◆ Input material

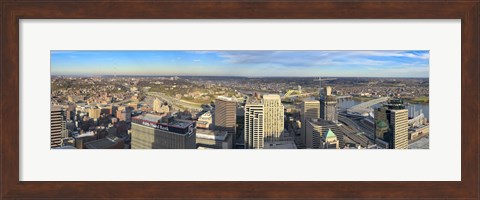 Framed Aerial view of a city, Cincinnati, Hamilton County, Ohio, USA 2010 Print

--

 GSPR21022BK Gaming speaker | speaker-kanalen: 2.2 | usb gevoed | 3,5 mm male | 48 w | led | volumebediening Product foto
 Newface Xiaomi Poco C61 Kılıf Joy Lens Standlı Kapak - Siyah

...

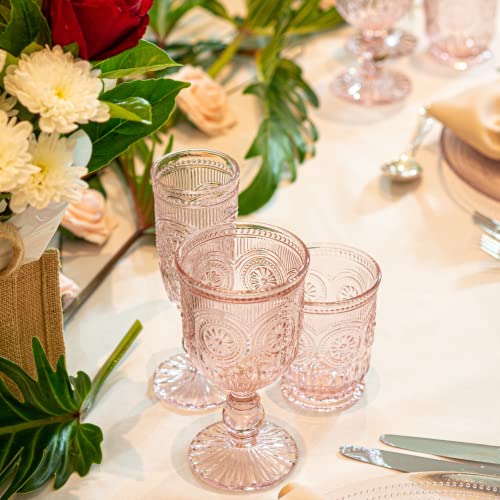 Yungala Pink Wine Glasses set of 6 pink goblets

◆ Exercise directions
Return only the lines between the one holding "GSPR21022BK Gaming speaker" and the one holding "Newface Xiaomi Poco", inclusive, exactly as they appear above.

◆ Answer
 GSPR21022BK Gaming speaker | speaker-kanalen: 2.2 | usb gevoed | 3,5 mm male | 48 w | led | volumebediening Product foto
 Newface Xiaomi Poco C61 Kılıf Joy Lens Standlı Kapak - Siyah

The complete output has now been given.